Laurent Hoebrechts
Laurent Hoebrechts Journaliste musique

APRÈS UNE SÉRIE D’EPS, DANIEL AVERY PASSE LE CAP DU 1ER ALBUM AVEC BRIO: UN IMPERTURBABLE TRIP TECHNO, IRRÉSISTIBLEMENT DANSANT, BIBERONNÉ À L’ESPRIT NINETIES.

Daniel Avery

« Drone Logic »

DISTRIBUÉ PAR PHANTASY SOUND.

8

Devant la possibilité d’un album, la musique techno s’est souvent retrouvée coincée. Que faire? Aligner les tracks calibrés pour les clubs ou proposer un tout à visée plus large, et tenter de donner de l’envergure au propos? Avec Drone Logic, son premier long format, l’Anglais Daniel Avery a l’excellente idée de ne pas trancher. C’est la première qualité du disque. Remplir à la fois le cahier des charges nécessaires pour fricoter en club tout en ne négligeant pas l’importance du format album et des possibilités qui vont avec.

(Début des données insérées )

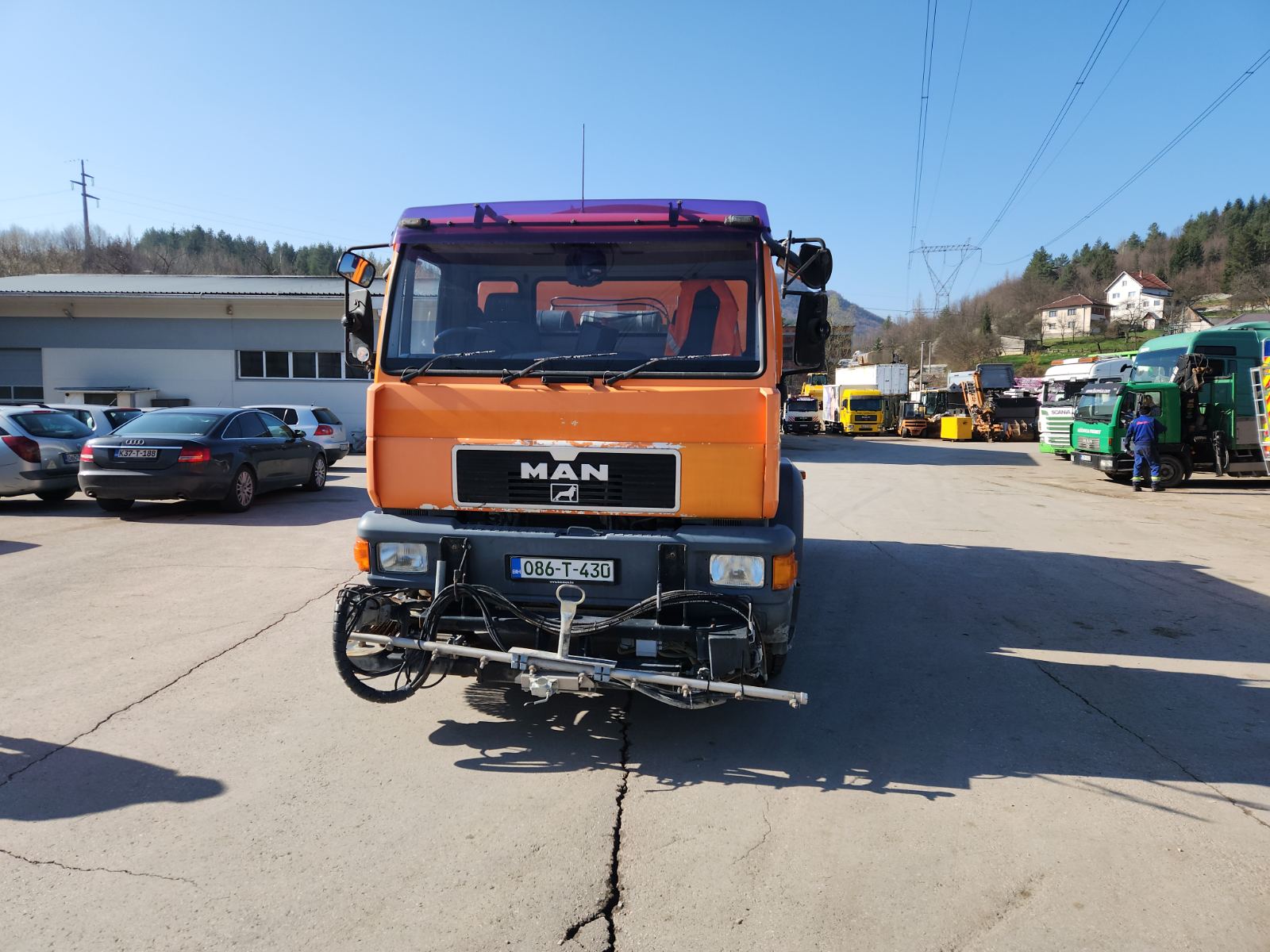 SPECIJALNA RADNA MAŠINA - ČISTAČ SAOBRAĆAJNICA - Image 2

A 27 ans, Daniel Avery a déjà officié pas mal d’années derrière les platines. Né à Bornemouth (côte sud de l’Angleterre), il est notamment passé par la Fabric, club réputé de la capitale, dont il a pris en main l’un des mix officiels. Avery est pourtant arrivé à l’électronique sur le tard. Ses premiers emballements ont été rock. De là peut-être l’attachement au format album. De là aussi le titre du disque qui ramène à ses premières amours pour la musique shoegaze, comme pratiquée par exemple par My Bloody Valentine. Il ne faudrait cependant pas se méprendre: Drone Logic ne s’écrase jamais contre le mur du son. Il n’y a aucune tentation bruitiste ici, juste la succession de longs morceaux (rarement moins de six minutes), montées irrésistiblement acides et classieuses -à l’image de Water Jump, entrée en matière directement dansante.

Sur de bons rails

Il n’y a probablement pas de hasard: Drone Logic fait souvent penser à des groupes comme Underworld ou les Chemical Brothers -dans leurs côtés les plus psychédéliques, les moins « big beat » (le morceau Free Floating). Soit deux formations issues des nineties qui ont elles aussi commencé par traîner du côté du rock. Le track même Drone Logic renvoie par exemple immanquablement au Rez des premiers cités. Cela ne fait pas pour autant de l’album d’Avery un disque « vintage ». C’est l’avantage des musiques électroniques: même en zieutant en arrière (ici donc les années 90, la techno qui croise le rock, Andrew Weatherall, l’acid -voir These Nights Never End, etc.), elles continuent de sonner modernes.

Au-delà, la « Logique du drone » donne surtout une cohérence au tout. Hormis l’interlude apaisé Spring 27, le disque trace sa route, imperturbable. Comme tous les bons albums techno, celui d’Avery réussit ainsi à être insistant sans lasser, musique répétitive qui change pourtant de focale toutes les 30 secondes. Comme un trajet en train, Drone Logic donne l’impression de ne jamais sortir des rails, variant à peine les paysages, tout en emmenant ailleurs. Sur son site, Avery explique: « Tous mes artistes et DJ’s préférés emportent leur public avec eux quand ils jouent; les gens se retrouvent pris dans leur monde pendant quelques heures et ne peuvent pas en sortir si facilement. Vous partez avec eux en voyage. C’était l’idée pour l’album. » Il insiste encore: « La seule chose que je savais, c’était que je voulais que ce disque soit un voyage. » Bienvenue à bord!